Entries provided:
::::::::
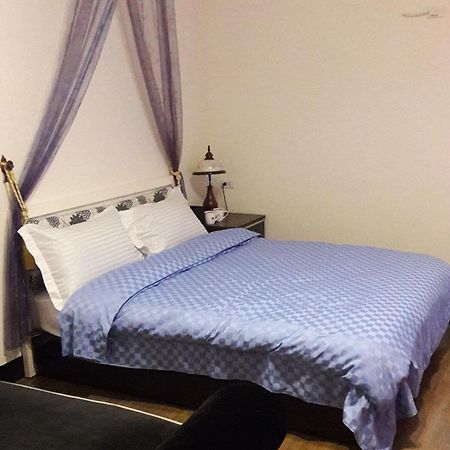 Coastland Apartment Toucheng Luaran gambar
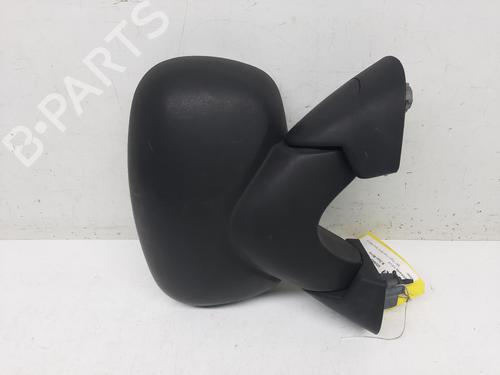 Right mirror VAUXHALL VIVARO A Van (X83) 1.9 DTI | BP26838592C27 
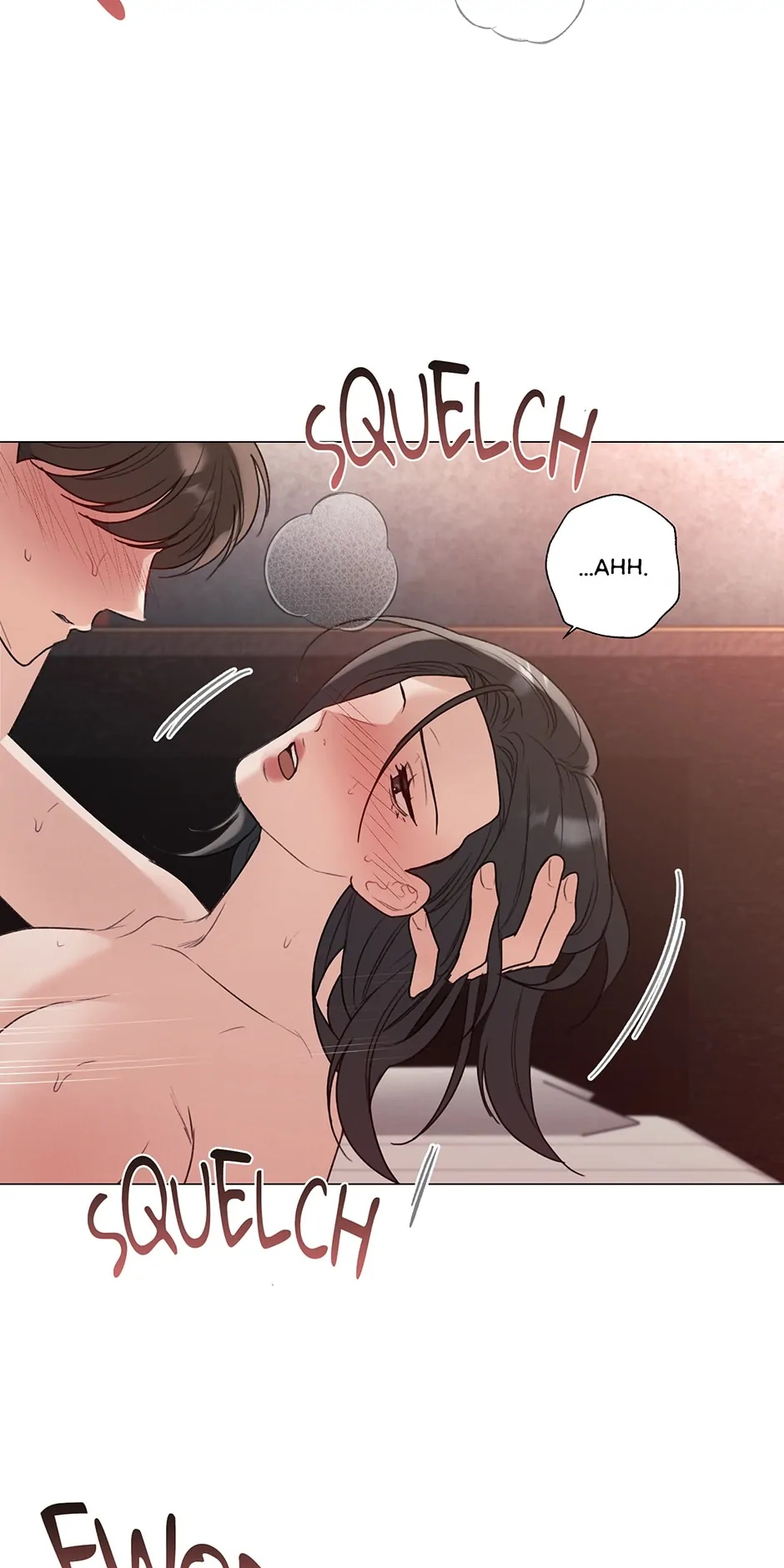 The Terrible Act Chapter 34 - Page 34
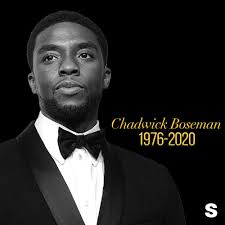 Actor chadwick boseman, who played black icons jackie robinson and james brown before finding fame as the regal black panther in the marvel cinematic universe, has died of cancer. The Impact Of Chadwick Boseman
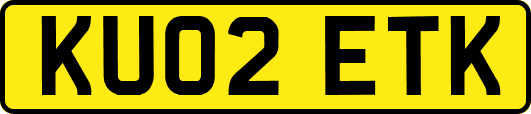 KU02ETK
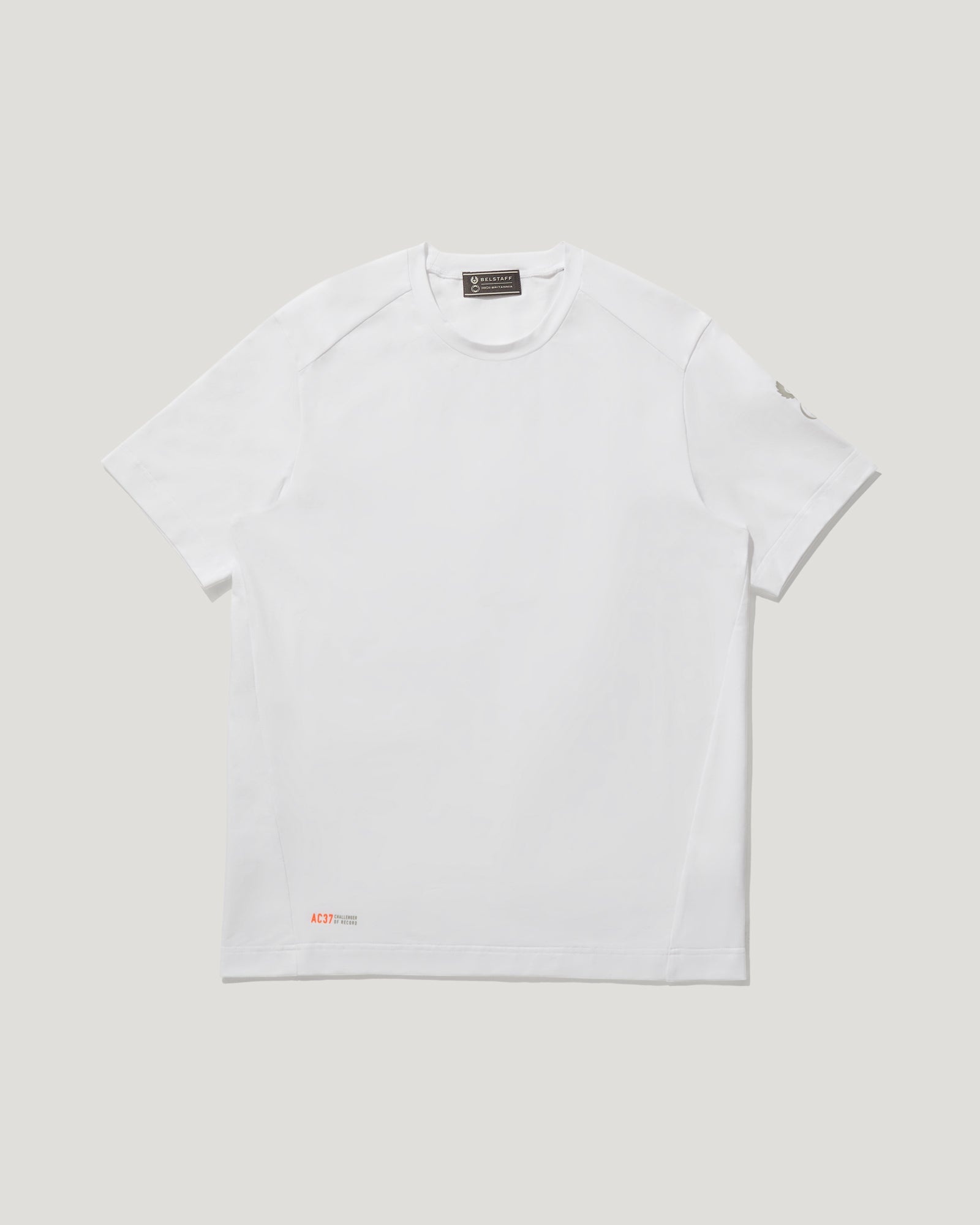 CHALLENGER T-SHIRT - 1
::::::::
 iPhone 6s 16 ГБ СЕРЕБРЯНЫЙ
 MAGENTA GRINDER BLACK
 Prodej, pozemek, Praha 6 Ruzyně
::::::::
Could you write out exactly the lines of the data above that run from the one holding "The Terrible Act Chapter 34 - Page 34" to the one holding "CHALLENGER T-SHIRT - 1", with both ends in and all pictures out?

 The Terrible Act Chapter 34 - Page 34
 Actor chadwick boseman, who played black icons jackie robinson and james brown before finding fame as the regal black panther in the marvel cinematic universe, has died of cancer. The Impact Of Chadwick Boseman
 KU02ETK
 CHALLENGER T-SHIRT - 1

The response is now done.